§ **Task instructions**:
Could you repeat, exactly and with no pictures, only the lines from the start of the records through the line containing "Картинка цветы дигиталис+"?

§ **Dataset**:

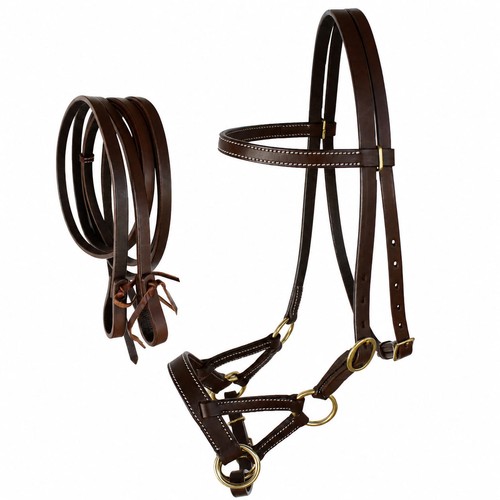 Challenger usa horse - horse, western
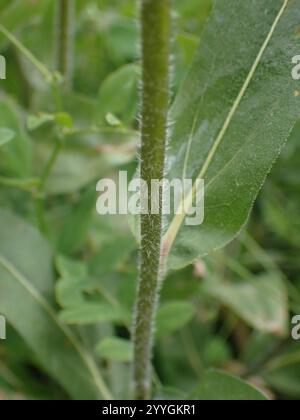 Nano delle Montagne Rocciose Girasole (Helianthella uniflora) Foto Stock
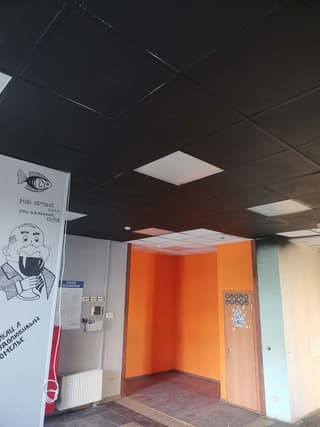 Аренда помещения свободного назначения 56,2 м², ул. Ягодная, 8к2, фото 1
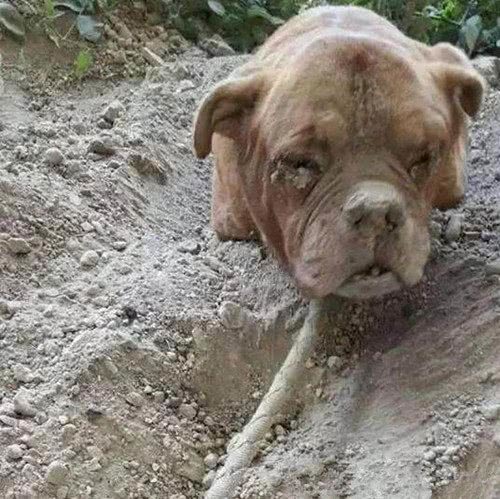 小伙说把去世狗狗给埋了,朋友觉得不对劲,挖开后让人心碎!休闲区蓝鸢梦想 - Www.slyday.coM 小伙说把去世狗狗给埋了,朋友觉得不对劲,挖开后让人心碎!休闲区蓝鸢梦想 - Www.slyday.coM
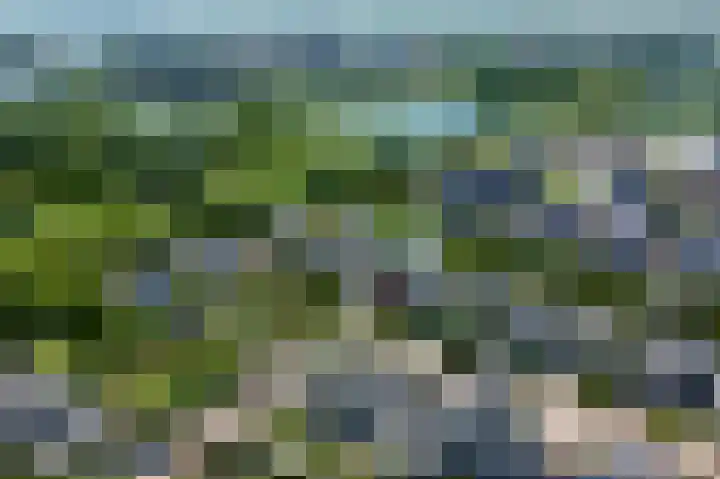 Keizerfazant 26 Heerhugowaard thumbnail 42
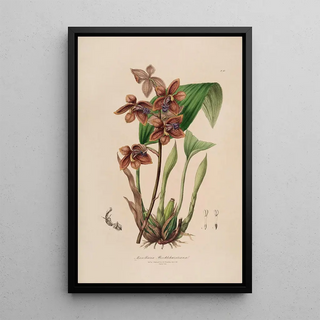 John Lindley - Sertum orchidaceum A wreath of the most beautiful orchidaceous flowers Pl43.webp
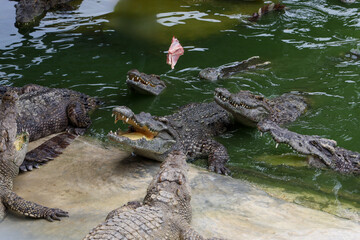 The crocodile swimming on the river near canal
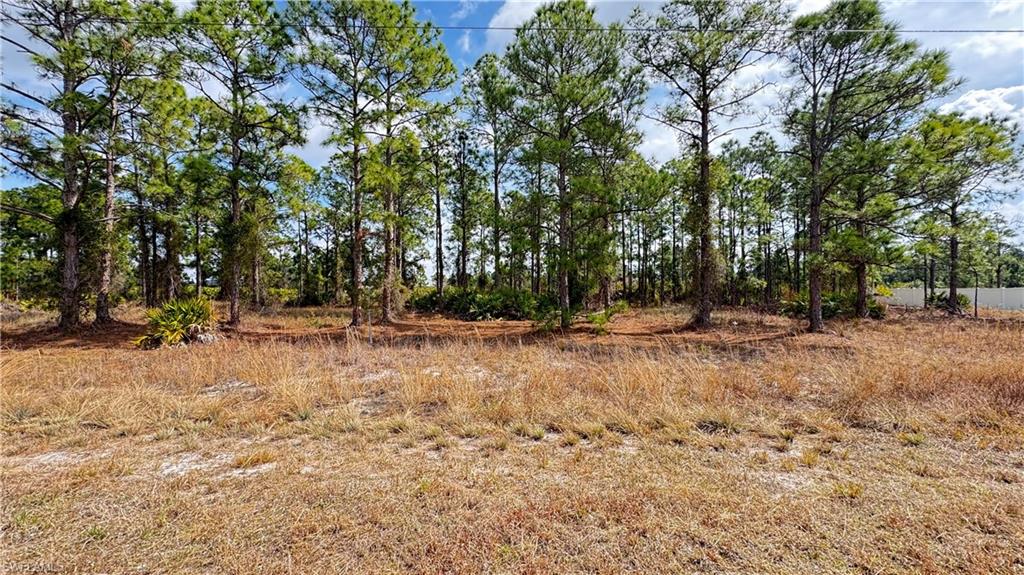 View of undeveloped land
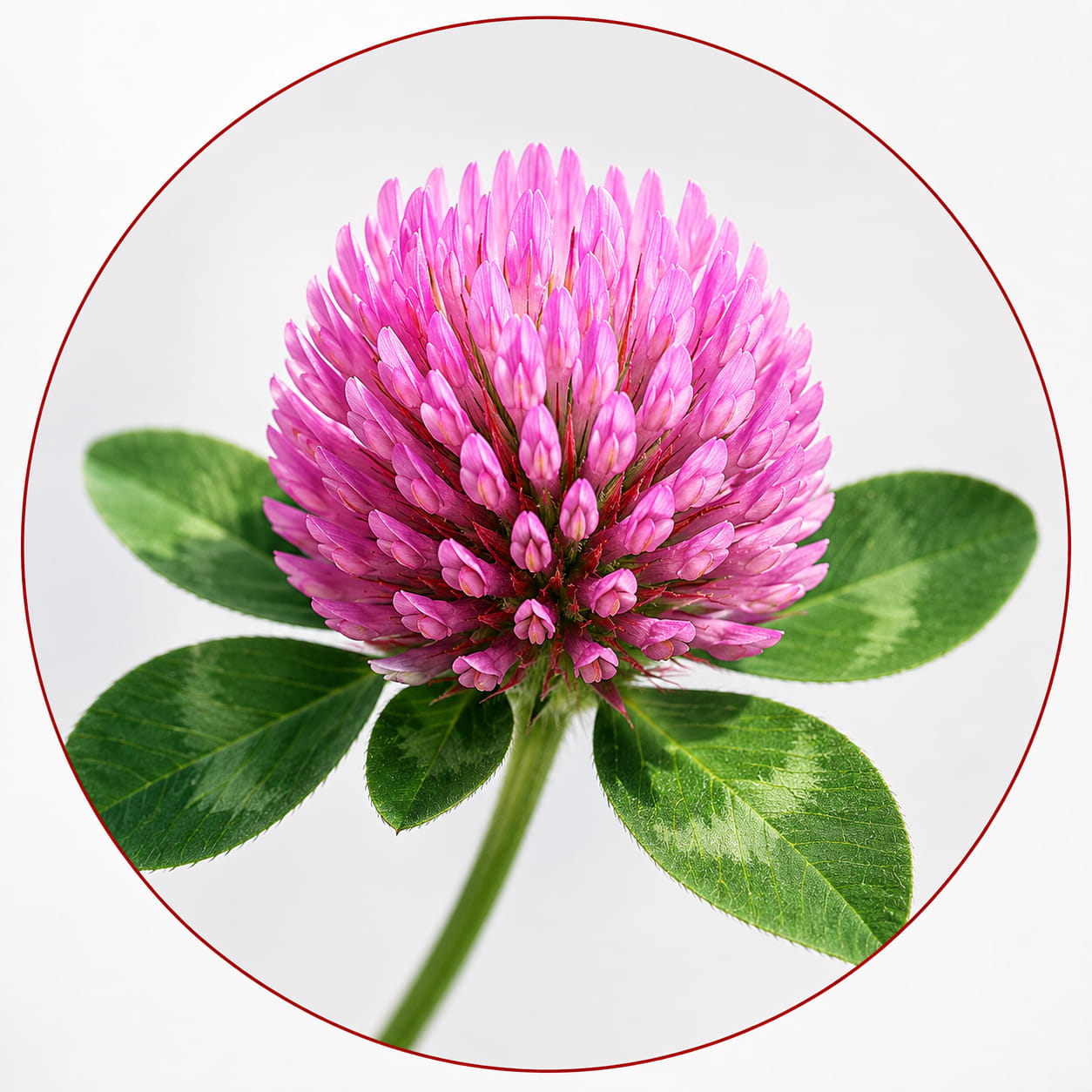 #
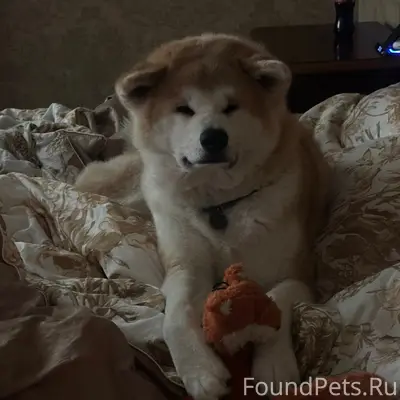 Пропал пёс Юдай, улица 1-я заводская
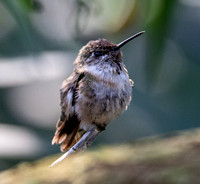 Calliope Hummingbird - Selasphorus calliope
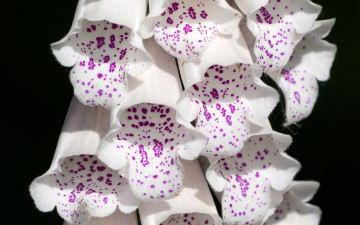 Картинка цветы дигиталис+ наперстянка белая крапинки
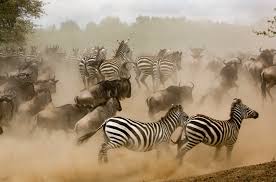 Depending on the chosen program, you can partially or completely protect yourself from unforeseen. The Zebra Raises 38 5m As The Insurance Marketplace Race Heats Up Techcrunch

§ **Written reply**:
 Challenger usa horse - horse, western
 Nano delle Montagne Rocciose Girasole (Helianthella uniflora) Foto Stock
 Аренда помещения свободного назначения 56,2 м², ул. Ягодная, 8к2, фото 1
 小伙说把去世狗狗给埋了,朋友觉得不对劲,挖开后让人心碎!休闲区蓝鸢梦想 - Www.slyday.coM 小伙说把去世狗狗给埋了,朋友觉得不对劲,挖开后让人心碎!休闲区蓝鸢梦想 - Www.slyday.coM
 Keizerfazant 26 Heerhugowaard thumbnail 42
 John Lindley - Sertum orchidaceum A wreath of the most beautiful orchidaceous flowers Pl43.webp
 The crocodile swimming on the river near canal
 View of undeveloped land
 #
 Пропал пёс Юдай, улица 1-я заводская
 Calliope Hummingbird - Selasphorus calliope
 Картинка цветы дигиталис+ наперстянка белая крапинки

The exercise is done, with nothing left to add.